To finish out this week’s Modern flair, let’s talk about a deck called Robots (or back in my crotchety Old Fogey days, “Affinity”). It uses lots of artifacts to make your opponent and his life total very sad. The Legacy version (and the original Standard version) made delightful use of the artifact lands like Great Furnace and Seat of the Synod pulling double duty thanks to Affinity for Artifacts. While those particular little nasties aren’t legal in Modern, they are in other formats where Stony Silence[card] is often used to mess up the deck they’re in.

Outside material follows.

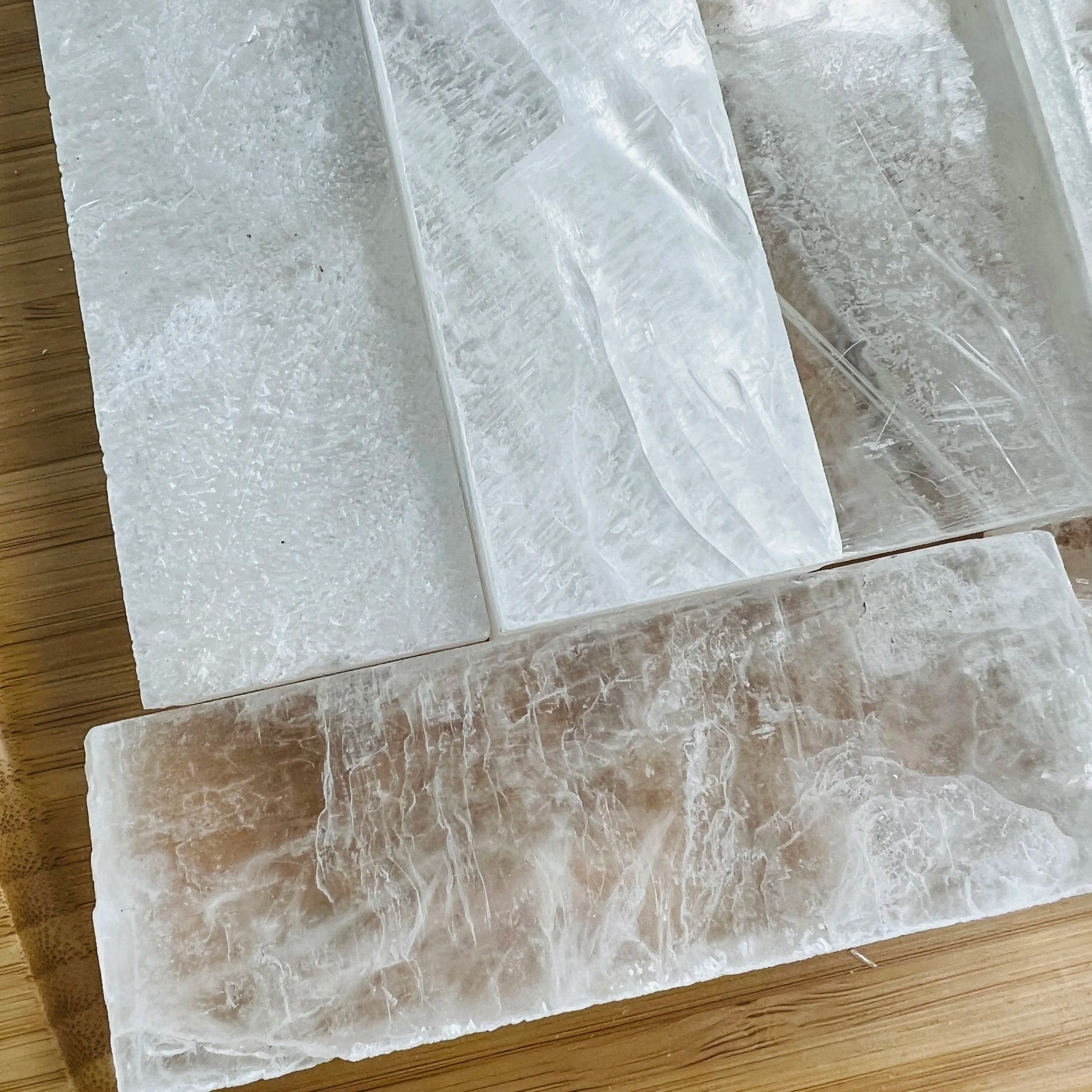 Full profile of Grade AAA Selenite raw crystals ready to ship from Beyond Bohemian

So how hard does the Silence shut down decks like Affinity? Pretty hard. Silence locks down the activated abilities of all artifacts, with no exceptions for mana abilities. That means a Stony Silence will render a playset of [card]Great Furnaces pretty worthless since they can no longer tap for mana. They’re still there, they still count for Affinity, but you can’t use them to generate mana. And for the Nexi (in both the Blinkmoth Nexus and Inkmoth Nexus varieties), common inclusions in the archetype? Well, those don’t get hit as hard. They’re not artifacts normally, so you’re free to animate them to smack your opponent around, or tap them for mana… at least, until you activate them. Once you animate your Nexus it becomes an Artifact Creature Land – Blinkmoth, and that ‘artifact’ type means Silence starts working on it. You can still attack with the land (assuming it doesn’t have summoning sickness), but you won’t be able to animate it again that turn for whatever reason, nor can you tap it for mana. And if it’s an original Blinkmoth rather than an Inkmoth, it also won’t be able to tap to make a Blinkmoth bigger, because Silence starts working on it once you animate it. So, if you want your Nexus to make some mana AND be a dude, do it in that order!
That brings an end to Modern Week here at the Rules Tip blog. I hope we’ve helped you out with your potential stream of Modern Masters games, and I hope I’ll see some of you at GP Houston this weekend!